> [Required work] Look through the data below for the line with "actiefiguur portgas d ace", and transcribe it exactly together with each line after it up to and including the line with "Siberia - Lucas". Give nothing else.

> [Task input]
•••

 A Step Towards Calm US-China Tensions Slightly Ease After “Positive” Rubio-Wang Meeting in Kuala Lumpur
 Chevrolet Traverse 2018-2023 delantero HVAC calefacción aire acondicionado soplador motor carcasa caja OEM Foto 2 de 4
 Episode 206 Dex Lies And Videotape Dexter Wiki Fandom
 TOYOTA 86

•••

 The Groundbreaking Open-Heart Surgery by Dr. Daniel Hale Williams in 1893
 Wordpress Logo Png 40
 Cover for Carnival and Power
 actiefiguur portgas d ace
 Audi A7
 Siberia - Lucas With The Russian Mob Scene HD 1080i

•••

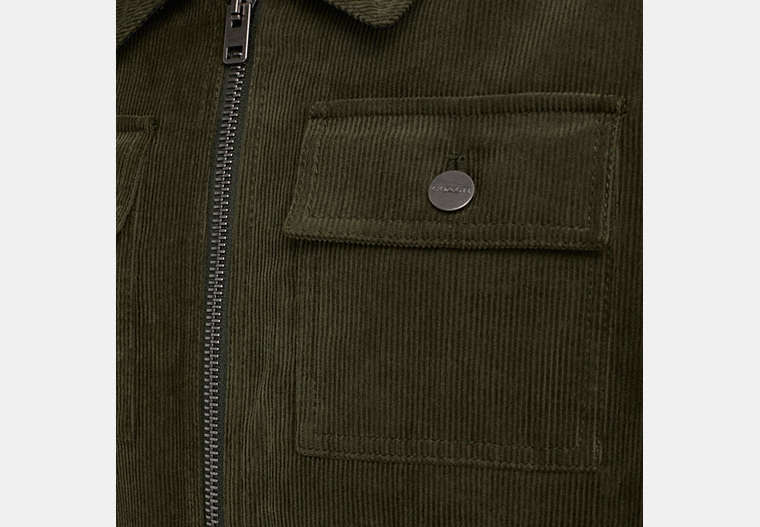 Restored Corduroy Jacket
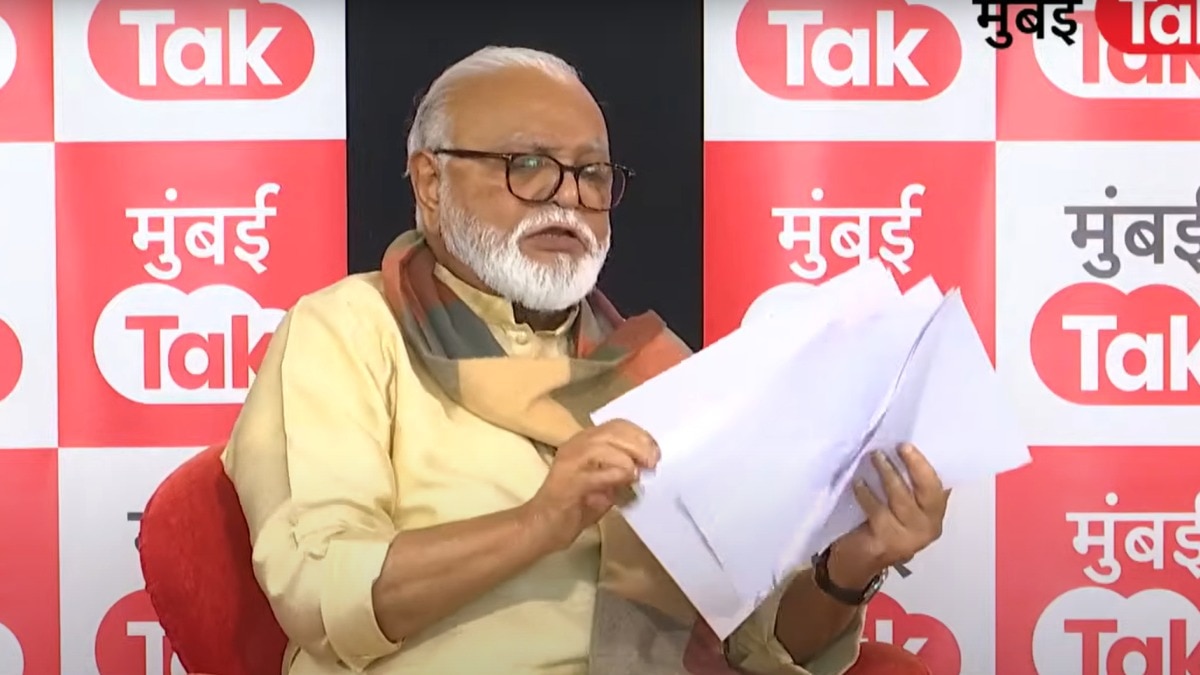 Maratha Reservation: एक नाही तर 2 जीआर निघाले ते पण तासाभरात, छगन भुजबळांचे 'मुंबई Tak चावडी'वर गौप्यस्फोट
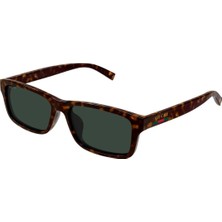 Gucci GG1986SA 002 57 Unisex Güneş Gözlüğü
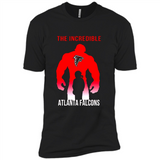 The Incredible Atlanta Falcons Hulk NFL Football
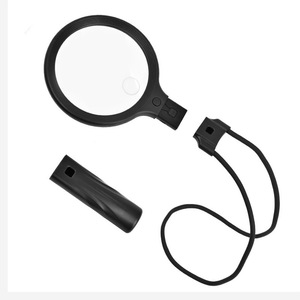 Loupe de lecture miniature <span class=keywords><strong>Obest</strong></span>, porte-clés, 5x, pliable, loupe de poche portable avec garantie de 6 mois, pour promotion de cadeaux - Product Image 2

•••

> [Your response]
 actiefiguur portgas d ace
 Audi A7
 Siberia - Lucas With The Russian Mob Scene HD 1080i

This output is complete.